I used to do work for an agency that booked celebs. Ant and Dec were £20K and thats ten years ago.

The company I worked for before I started my own business held very lavish conferences and booked people like Bob Monkhouse, Ronnie Corbet etc. They charged that sort of money and more even right back then for a 30 min performance. 

Bob Monkhouse was brilliant by the way and did research and took the p!ss out of well known people within the organisation. I fell asleep when Ronnie Corbert was on.


----------



## CandA (May 1, 2005)

Thanks for that Camdoon

Nice work if you can get it ... Ray Mears is clearly a bit confused about his views if he accepted the invite to talk at the show.
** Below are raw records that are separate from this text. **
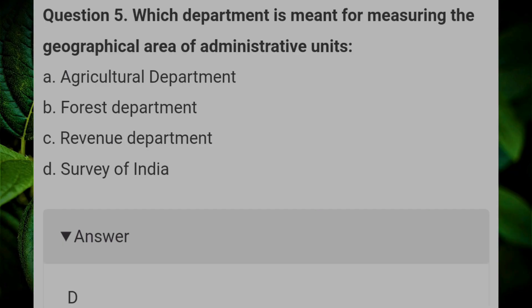Which department is meant for measuring the geographical area of administrative units? Answer D: Survey of India.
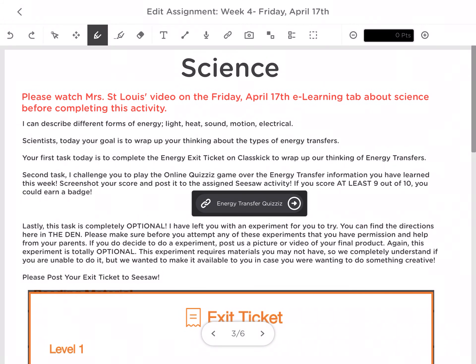Your second task is to play that online quizzes game. There is the link right here for you. If you get a 9 out of 10, show me your score on Seesaw and I will have a special badge for you today.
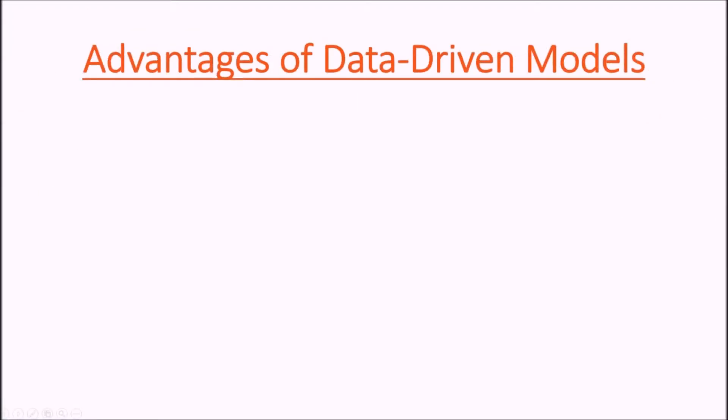Now that we've looked at an example of a data-driven model, we will recap the advantages of these types of models.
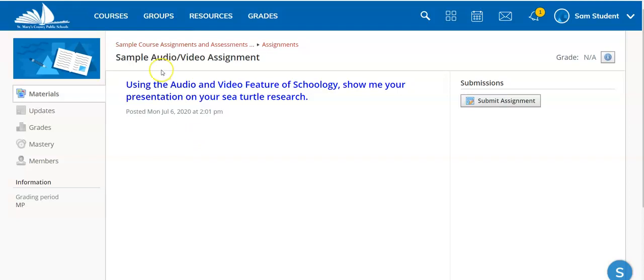The directions say, using the audio and video feature of Schoology, show me your presentation on sea turtle research.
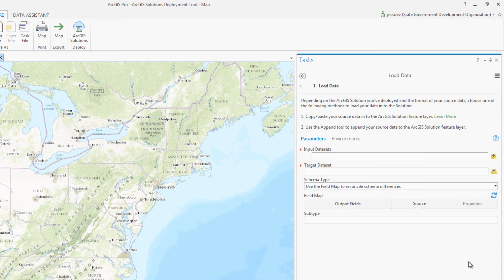In the last step, load your existing organizational data into the new feature layers using out-of-the-box tools like Append.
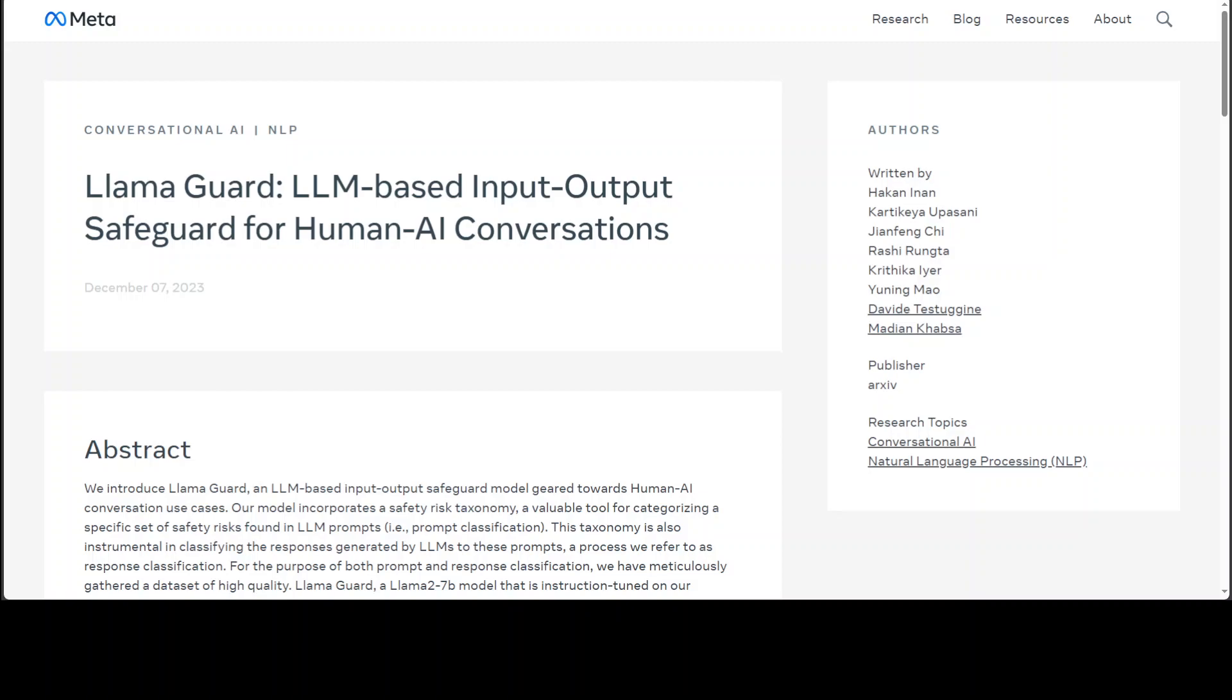LLM security is an area that we all know deserves ample attention, and that's where this tool by Meta, LlamaGuard, can prove really useful.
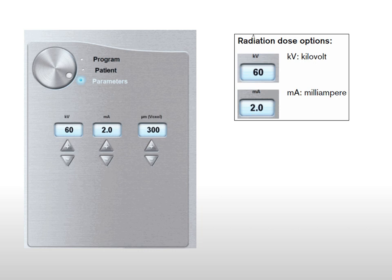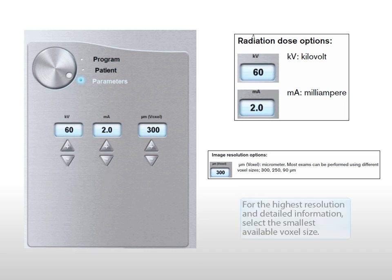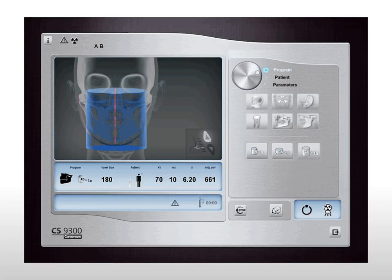If the default parameter settings for KV and MA are not adapted to your patient type, select the appropriate KV and MA parameters. If the default voxel parameter setting is not the image resolution you want, select the appropriate voxel parameter. For the highest resolution and detailed information, select the smallest available voxel size. For the lowest resolution and less detailed information, select the largest available voxel size.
We don't go to many shows but when we do we never see any 'celebrity' speakers, we go to see vans and accessories and after a few hours of that we are ready for home.

Good wishes


----------



## Pudsey_Bear (Sep 25, 2008)

Can't argue with his veiws, I'd rather have a more invisible colour too.


----------



## GEMMY (Jun 19, 2006)

How about:






Calling all cars, getaway driver, driving a red/blue/black/green/ pink car :wink:

tony


----------



## vicdicdoc (May 14, 2005)

Mine changes colour all the time . . Clean white to muddy splat to grey & finally to green algae, amazingly all within a short space of time :wink:


----------



## Pudsey_Bear (Sep 25, 2008)

CandA said:


> Thanks for that Camdoon
> 
> Nice work if you can get it ... Ray Mears is clearly a bit confused about his views if he accepted the invite to talk at the show.
> 
> ...


[hr:226f165be4]

Maybe not confused, and was going to say similar at the event, he is straight talker, perhaps whoever booked him didn'tknowhis views.


----------